> [What you need to do] In the listing below, the lines starting with the line with "1408 Raintree Drive" and going on through the line with "Casa con 6 locali" are to be reproduced exactly, and only those.

-------- Records for the task

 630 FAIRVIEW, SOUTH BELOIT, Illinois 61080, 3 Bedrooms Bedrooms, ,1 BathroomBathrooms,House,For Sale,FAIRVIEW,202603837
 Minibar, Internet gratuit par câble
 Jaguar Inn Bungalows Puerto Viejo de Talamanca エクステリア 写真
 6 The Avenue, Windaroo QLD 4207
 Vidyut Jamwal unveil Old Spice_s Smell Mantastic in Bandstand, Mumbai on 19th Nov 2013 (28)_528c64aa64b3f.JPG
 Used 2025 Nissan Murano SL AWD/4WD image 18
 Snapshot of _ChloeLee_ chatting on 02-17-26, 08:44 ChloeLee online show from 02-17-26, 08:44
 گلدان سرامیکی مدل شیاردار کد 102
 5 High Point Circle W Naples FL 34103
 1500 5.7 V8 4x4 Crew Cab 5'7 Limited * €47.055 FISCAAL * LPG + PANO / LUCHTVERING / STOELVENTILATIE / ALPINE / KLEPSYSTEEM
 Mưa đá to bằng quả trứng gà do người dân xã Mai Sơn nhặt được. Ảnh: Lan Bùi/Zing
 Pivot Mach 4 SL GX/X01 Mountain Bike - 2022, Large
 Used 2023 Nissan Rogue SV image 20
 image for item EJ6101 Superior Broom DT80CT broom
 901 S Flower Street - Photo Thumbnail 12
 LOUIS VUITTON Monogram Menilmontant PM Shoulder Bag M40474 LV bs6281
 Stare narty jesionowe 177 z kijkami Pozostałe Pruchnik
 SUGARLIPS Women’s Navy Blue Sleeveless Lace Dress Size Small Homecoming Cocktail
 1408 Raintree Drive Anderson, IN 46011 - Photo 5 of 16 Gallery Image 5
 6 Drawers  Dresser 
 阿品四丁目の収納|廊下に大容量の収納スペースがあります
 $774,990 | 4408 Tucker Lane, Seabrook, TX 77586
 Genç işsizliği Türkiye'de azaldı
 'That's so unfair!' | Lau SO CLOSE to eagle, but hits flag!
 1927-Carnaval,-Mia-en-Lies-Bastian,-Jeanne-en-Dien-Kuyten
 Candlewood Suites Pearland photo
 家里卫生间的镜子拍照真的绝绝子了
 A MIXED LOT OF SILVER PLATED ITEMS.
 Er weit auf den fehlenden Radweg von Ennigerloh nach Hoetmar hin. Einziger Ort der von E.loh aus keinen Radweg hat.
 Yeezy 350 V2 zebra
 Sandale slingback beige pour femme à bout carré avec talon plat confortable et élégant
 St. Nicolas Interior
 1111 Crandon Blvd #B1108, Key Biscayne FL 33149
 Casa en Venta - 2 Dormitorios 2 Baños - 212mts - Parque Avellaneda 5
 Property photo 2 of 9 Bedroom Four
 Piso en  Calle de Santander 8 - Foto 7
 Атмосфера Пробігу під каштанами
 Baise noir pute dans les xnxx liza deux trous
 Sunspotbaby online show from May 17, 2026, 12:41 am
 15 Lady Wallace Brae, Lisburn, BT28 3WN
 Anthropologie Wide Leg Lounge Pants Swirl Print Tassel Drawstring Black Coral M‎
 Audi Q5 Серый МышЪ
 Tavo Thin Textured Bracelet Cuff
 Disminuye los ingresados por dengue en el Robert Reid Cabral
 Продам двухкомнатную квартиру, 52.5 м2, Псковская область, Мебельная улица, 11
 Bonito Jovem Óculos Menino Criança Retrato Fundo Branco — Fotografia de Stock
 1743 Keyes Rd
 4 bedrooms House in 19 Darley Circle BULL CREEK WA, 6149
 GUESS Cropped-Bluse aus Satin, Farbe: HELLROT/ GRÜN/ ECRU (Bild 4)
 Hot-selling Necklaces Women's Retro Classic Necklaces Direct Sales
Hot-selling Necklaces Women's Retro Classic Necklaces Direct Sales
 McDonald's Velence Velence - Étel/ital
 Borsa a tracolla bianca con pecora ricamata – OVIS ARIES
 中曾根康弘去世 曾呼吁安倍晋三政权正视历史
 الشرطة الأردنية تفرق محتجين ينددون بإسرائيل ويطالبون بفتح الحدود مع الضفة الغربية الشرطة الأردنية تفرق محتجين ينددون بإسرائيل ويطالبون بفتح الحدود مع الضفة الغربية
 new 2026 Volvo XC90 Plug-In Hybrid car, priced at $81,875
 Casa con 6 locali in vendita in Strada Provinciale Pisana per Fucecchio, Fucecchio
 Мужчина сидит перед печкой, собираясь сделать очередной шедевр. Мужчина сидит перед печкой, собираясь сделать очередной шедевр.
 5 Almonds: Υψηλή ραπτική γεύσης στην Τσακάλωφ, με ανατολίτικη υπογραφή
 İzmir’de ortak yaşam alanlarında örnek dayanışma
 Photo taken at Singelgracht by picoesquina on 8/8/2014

----------------

> [Output of the task]
 1408 Raintree Drive Anderson, IN 46011 - Photo 5 of 16 Gallery Image 5
 6 Drawers  Dresser 
 阿品四丁目の収納|廊下に大容量の収納スペースがあります
 $774,990 | 4408 Tucker Lane, Seabrook, TX 77586
 Genç işsizliği Türkiye'de azaldı
 'That's so unfair!' | Lau SO CLOSE to eagle, but hits flag!
 1927-Carnaval,-Mia-en-Lies-Bastian,-Jeanne-en-Dien-Kuyten
 Candlewood Suites Pearland photo
 家里卫生间的镜子拍照真的绝绝子了
 A MIXED LOT OF SILVER PLATED ITEMS.
 Er weit auf den fehlenden Radweg von Ennigerloh nach Hoetmar hin. Einziger Ort der von E.loh aus keinen Radweg hat.
 Yeezy 350 V2 zebra
 Sandale slingback beige pour femme à bout carré avec talon plat confortable et élégant
 St. Nicolas Interior
 1111 Crandon Blvd #B1108, Key Biscayne FL 33149
 Casa en Venta - 2 Dormitorios 2 Baños - 212mts - Parque Avellaneda 5
 Property photo 2 of 9 Bedroom Four
 Piso en  Calle de Santander 8 - Foto 7
 Атмосфера Пробігу під каштанами
 Baise noir pute dans les xnxx liza deux trous
 Sunspotbaby online show from May 17, 2026, 12:41 am
 15 Lady Wallace Brae, Lisburn, BT28 3WN
 Anthropologie Wide Leg Lounge Pants Swirl Print Tassel Drawstring Black Coral M‎
 Audi Q5 Серый МышЪ
 Tavo Thin Textured Bracelet Cuff
 Disminuye los ingresados por dengue en el Robert Reid Cabral
 Продам двухкомнатную квартиру, 52.5 м2, Псковская область, Мебельная улица, 11
 Bonito Jovem Óculos Menino Criança Retrato Fundo Branco — Fotografia de Stock
 1743 Keyes Rd
 4 bedrooms House in 19 Darley Circle BULL CREEK WA, 6149
 GUESS Cropped-Bluse aus Satin, Farbe: HELLROT/ GRÜN/ ECRU (Bild 4)
 Hot-selling Necklaces Women's Retro Classic Necklaces Direct Sales
Hot-selling Necklaces Women's Retro Classic Necklaces Direct Sales
 McDonald's Velence Velence - Étel/ital
 Borsa a tracolla bianca con pecora ricamata – OVIS ARIES
 中曾根康弘去世 曾呼吁安倍晋三政权正视历史
 الشرطة الأردنية تفرق محتجين ينددون بإسرائيل ويطالبون بفتح الحدود مع الضفة الغربية الشرطة الأردنية تفرق محتجين ينددون بإسرائيل ويطالبون بفتح الحدود مع الضفة الغربية
 new 2026 Volvo XC90 Plug-In Hybrid car, priced at $81,875
 Casa con 6 locali in vendita in Strada Provinciale Pisana per Fucecchio, Fucecchio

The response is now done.